Interest rates are great, house prices are low, and the market is packed with great deals. So how can you find a cost-friendly, eco-friendly home without breaking the bank?

Consider purchasing a home with an attached apartment. I know this may not seem green or cost effective, but it is both!

If you keep your square footage relatively low, the attached apartment will improve the urban density in your home. A huge portion of your carbon footprint is just the square footage you occupy in your living space. Here’s an example: Our home is about 1,000 square feet with an additional 300+ square feet in a studio apartment. Since we add another person to our living space with that apartment, each of the five people living on the property occupies less than three hundred square feet apiece. That’s not bad considering that the average family of four lives in a home over 2,000 square feet.

In addition, the apartment rental price generates more than half of our monthly mortgage payment. In fact, we have never in all of our lives, paid so little for housing, even during our years in a tiny five hundred square foot university apartment.

We also get tax benefits which help us write off the depreciation of the rental unit, making the rental income come with a very small tax burden.

Does this sound super fantastic, but a little scary when you think about becoming a landlord? The great news is that several communities have a rental owner association that can help get you started with forms and workshops. It’s really quite worth the trouble.

In our case, we remodeled a very strange three hundred square foot addition that wasn’t complete when we moved in. In the last six years the apartment has paid back all the remodeling costs and now generates income. Between tenants we sometimes keep the rental open in the summer to use as a guest house for visiting family members.

Another thing to think about is that as our fixed mortgage eventually gets paid off, rents can keep going up. Theoretically we could stay in our house until we pay off the mortgage, and then charge whatever the going rental rates are. In 20 years we would be making money instead of spending money on living expenses.  So even though our house is very small and we all share one bathroom, I am grateful that it is so very eco-nomical!


  1. I agree — a great investment. However, I dislike the idea of being a landlord. A lot. On the other hand, you could use the apt. as a mother-in-law for your parents if necessary.

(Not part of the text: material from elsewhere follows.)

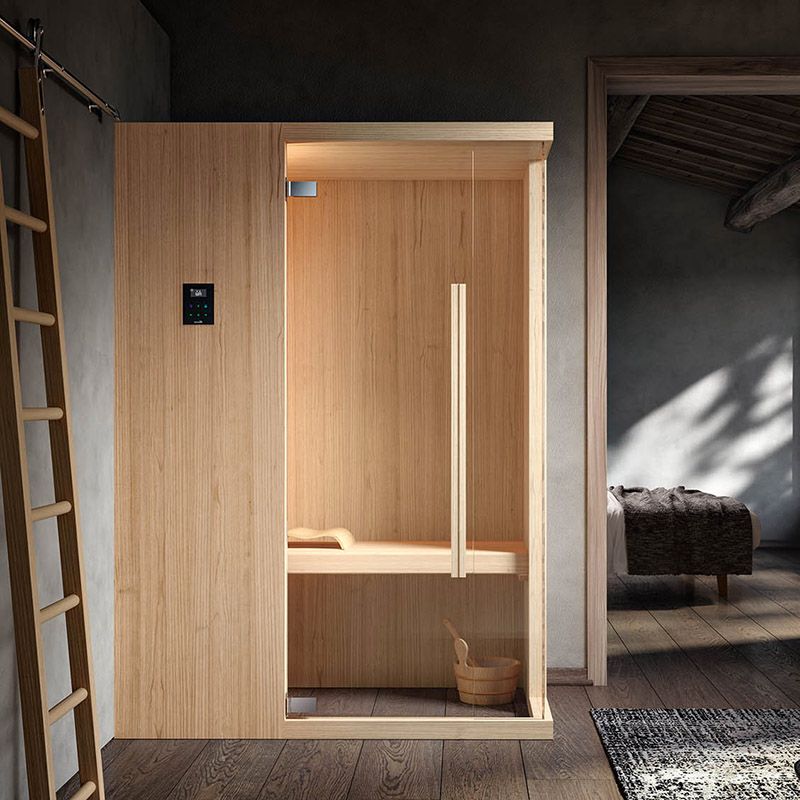 Ethos S by Albatros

  2. Just about everyone does this where I live. Most houses are built with suites in the basements. It’s the only way to afford a house because housing prices are NOT low here. Unfortunately, at nearly $700,000 for a house with a basement suite even the income we could generate from being landlords wouldn’t be enough to help us buy. Ahh, homeowner dreams…

  3. Betsy, I have the same thoughts about being a landlord. However, a couple of my friends have separate apartments and rent them out to their friends or family. That might make things easier in some ways. But on the other hand . . . at least with a stranger, you wouldn’t have to feel too bad if the arrangement didn’t work out. It might be kind of hard to kick your mom to the curb if she stayed up all night throwing wild parties or something.

  4. This is the only way we can afford to live where we do. I love the extra income, and we have had some very cool tenants, but I really dislike being a landlord at times.